Exercise prompt:
Please return only the lines between the line with "SPIRITUEUX À BASE" and the final line of the entries, both included, and exclude pictures.

..............................

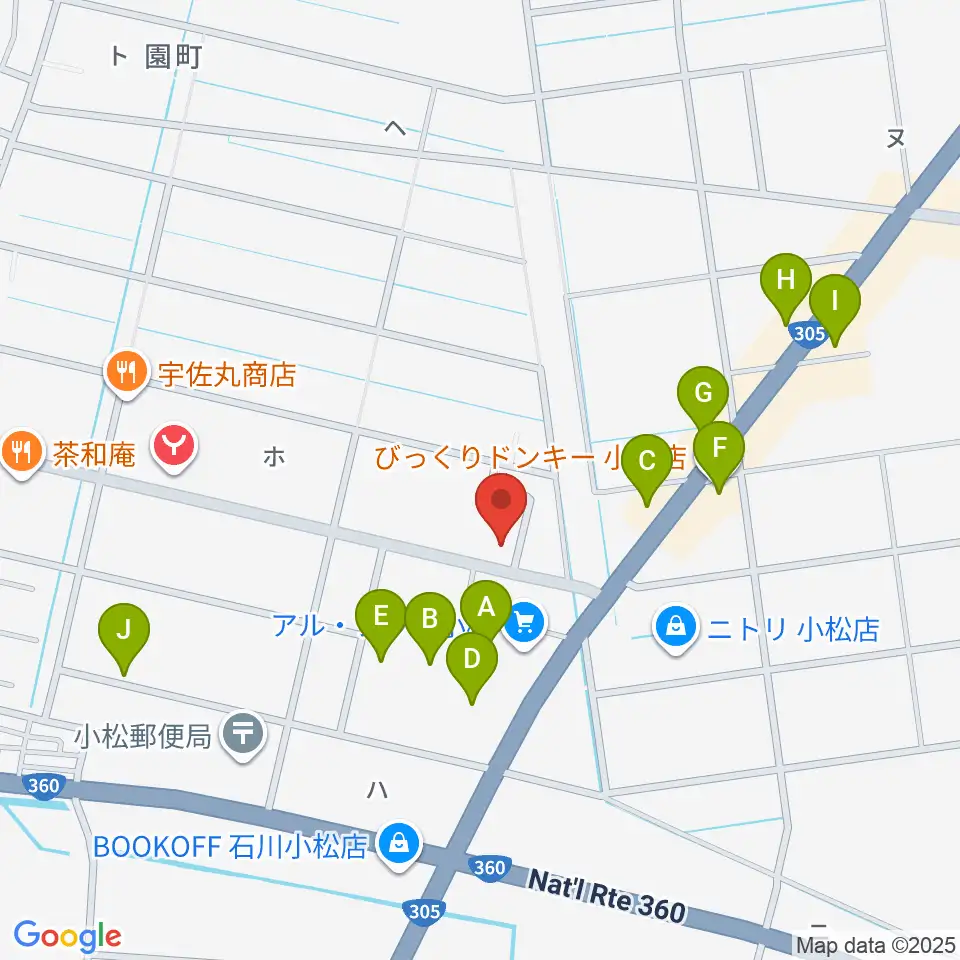 ラジオこまつ周辺のファミレス・ファーストフード一覧地図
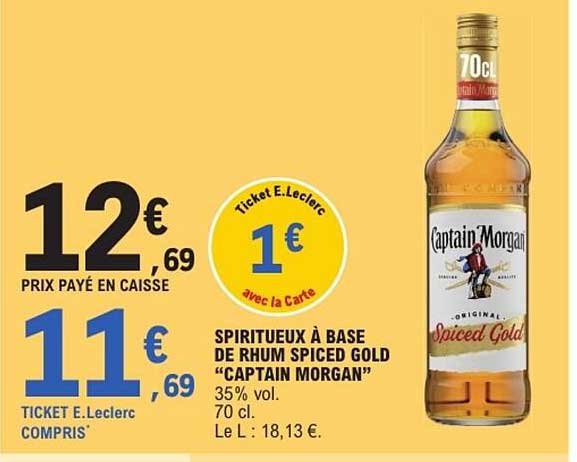 SPIRITUEUX À BASE DE RHUM SPICED GOLD "CAPTAIN MORGAN"
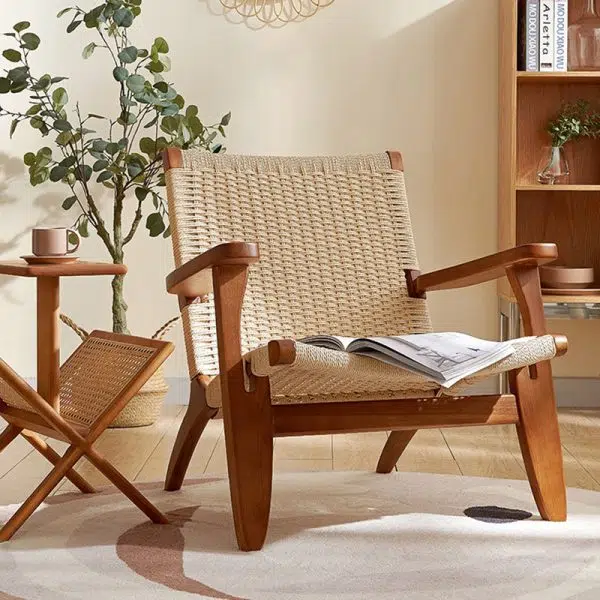 Traditional Japanese Rattan Square Wood Cowhide Rope Accent Chair Backrest Armrest For Living Room - Image 3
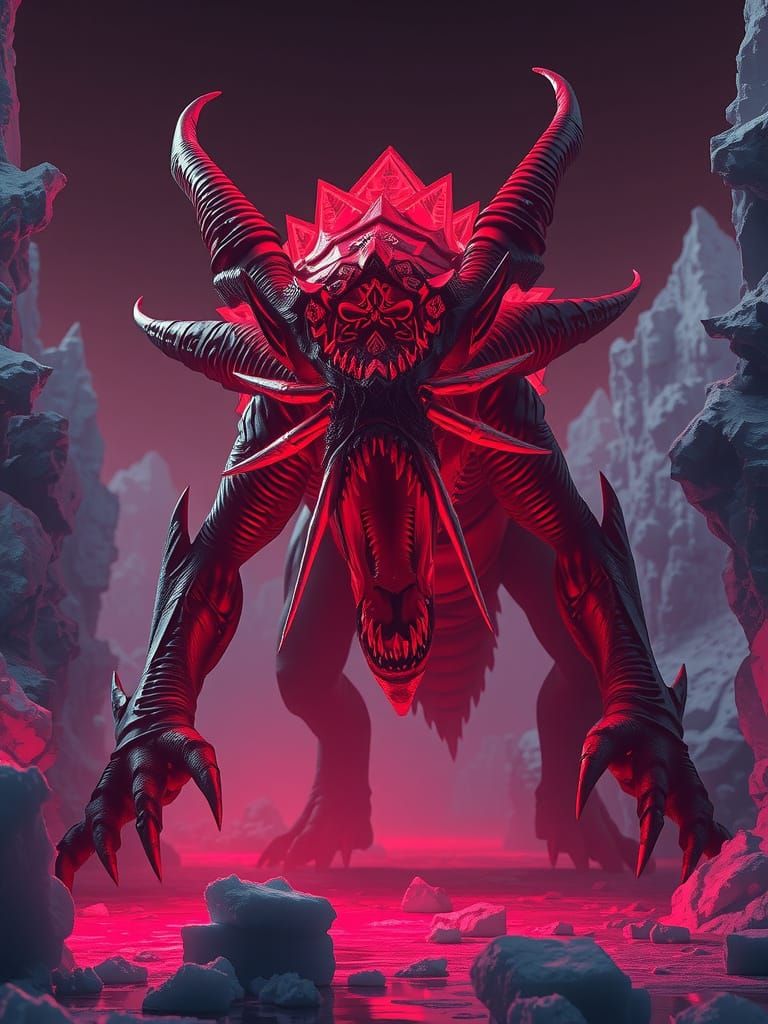 Fierce Ice Age Creature in Psychedelic Trance Scene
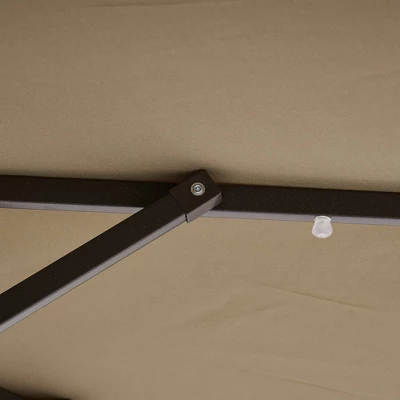 9' X 9' Solar LED Patio Umbrella With Tilt Adjustment And Crank Lift Brown - Wellfor 9 9' X 9' Solar LED Patio Umbrella With Tilt Adjustment And Crank Lift Brown - Wellfor - Image 7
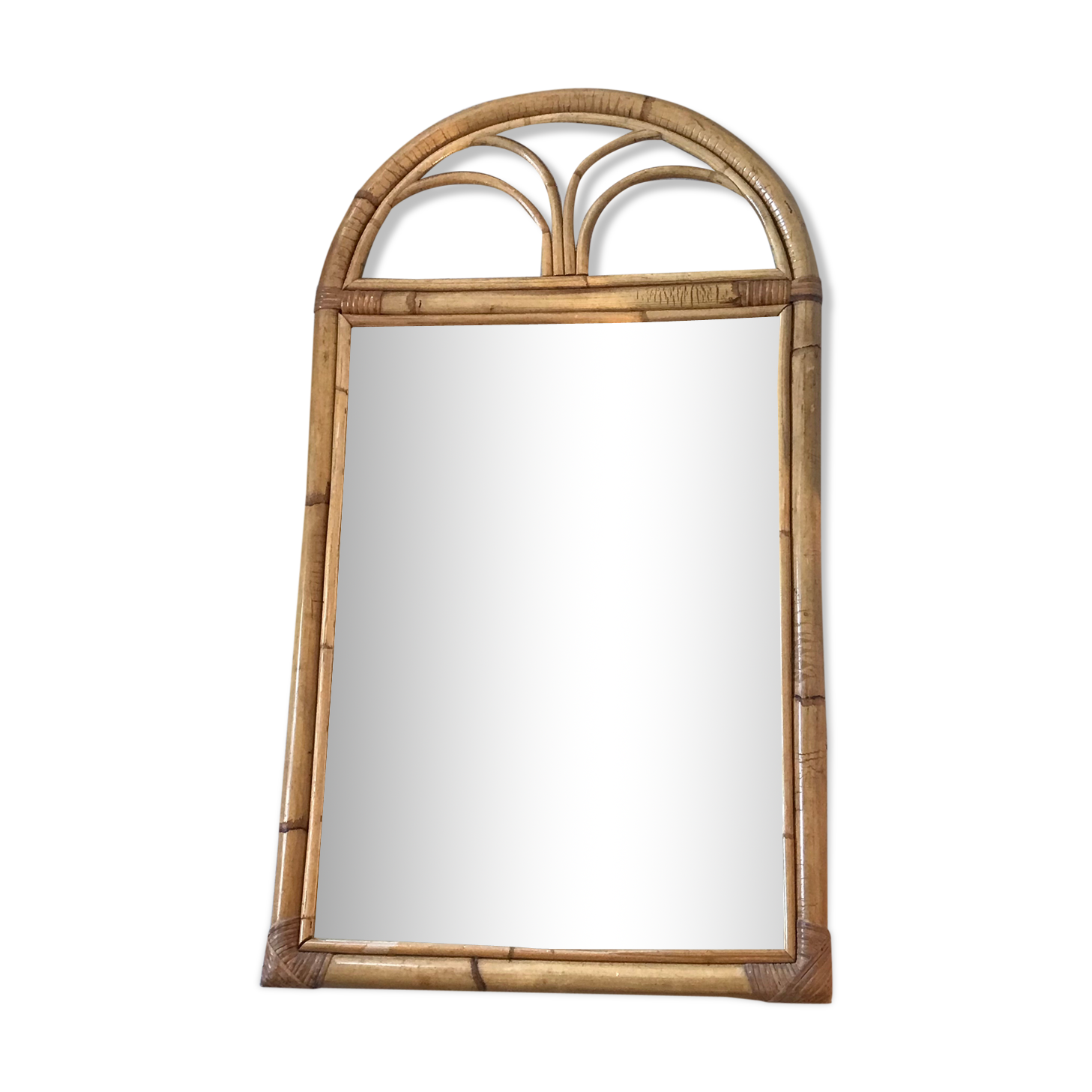 Vintage rattan mirror 82x45cm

..............................

Written response:
 SPIRITUEUX À BASE DE RHUM SPICED GOLD "CAPTAIN MORGAN"
 Traditional Japanese Rattan Square Wood Cowhide Rope Accent Chair Backrest Armrest For Living Room - Image 3
 Fierce Ice Age Creature in Psychedelic Trance Scene
 9' X 9' Solar LED Patio Umbrella With Tilt Adjustment And Crank Lift Brown - Wellfor 9 9' X 9' Solar LED Patio Umbrella With Tilt Adjustment And Crank Lift Brown - Wellfor - Image 7
 Vintage rattan mirror 82x45cm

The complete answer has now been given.